Keeping mould away
Mould is the bad enemy of bread.
It is a fungus feeding on moist organic matters.
Mould cannot prosper on dry substances or exposed to daylight.
If you leave a loaf of bread exposed to the air; it will not get mouldy unless the humidity of the air is exceptionally high.
But the exposed bread becomes dry and hard quickly.
Keeping the loaf in the fridge will retard the mould, but will give the crumb a staled texture and taste. This is especially noticeable in white bread.
Freezing the loaf, instead, will keep the freshness of the first day for many days and even weeks.
Bread that is kept in a plastic bag since the first day will get mouldy very soon.

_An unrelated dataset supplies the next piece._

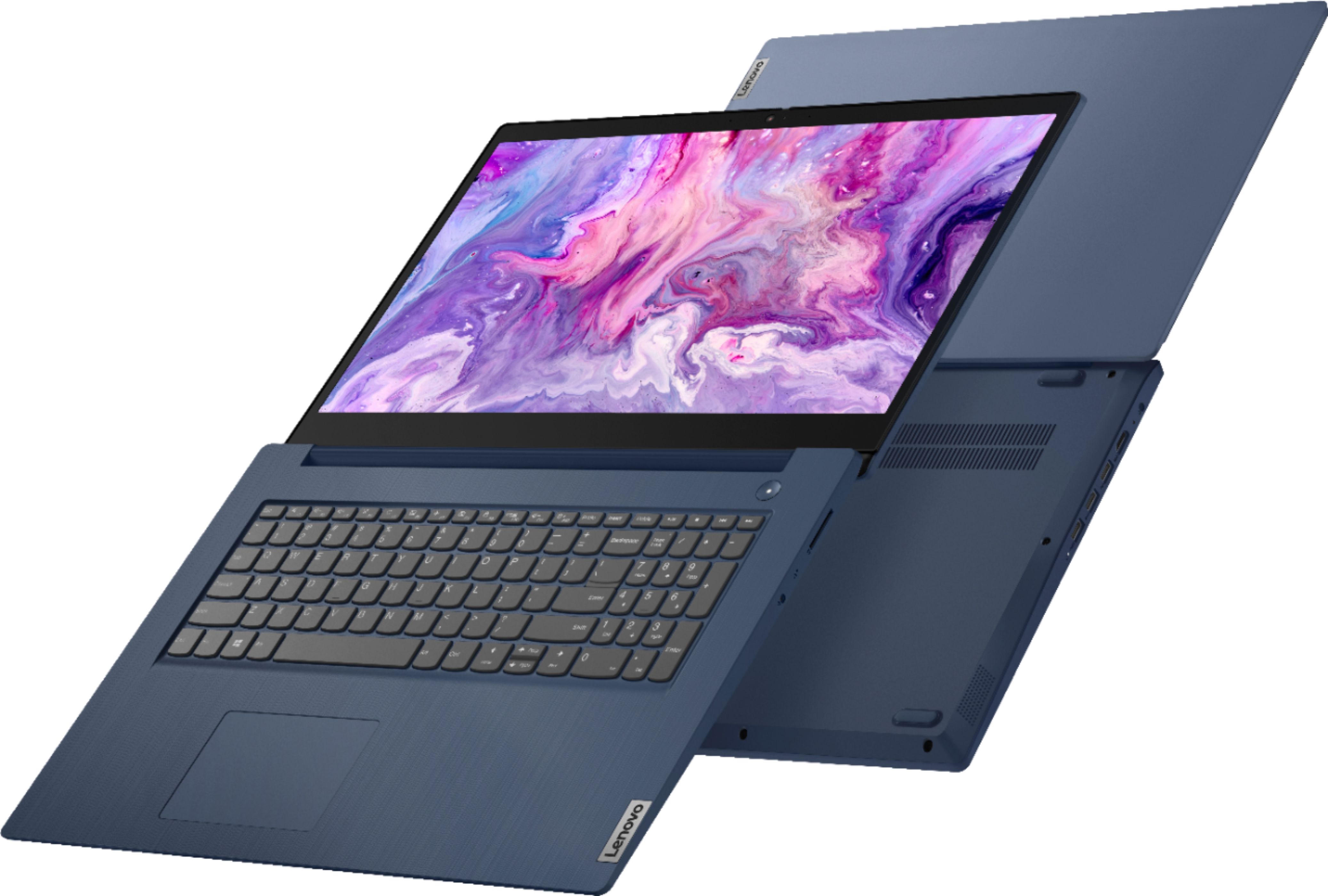 Best Buy: Lenovo Ideapad 3 Intel 1TB Abyss Blue 81WF004CUS HDD Memory Core 17 i5 8GB Laptop 17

The loaf must not be kept in a wooden box. Romantic and traditional, they are too dark inside and sometimes not properly ventilated. So the loaf and the box itself frequently get moulded at once.
If you are a slow bread eater and will take a whole week or more to finish a loaf, the best you can do is to slice it and put the slices in several small freezer bags, a few slices in every bag and place them in your freezer. So every day you can take the exact amount of bread you are going to eat that day, while keeping the rest healthy and sound.
If you plan to eat your loaf in two or tree days,you can keep your loaf covered with a piece of cotton cloth or into a paper bag for the first day, to allow the elimination of excessive moisture. At the end of the first day you should put the loaf under the glass bell dome or in a plastic bag.
The glass dome and the plastic bag are transparent thus letting daylight to come in contact with the bread and to kill the fungus.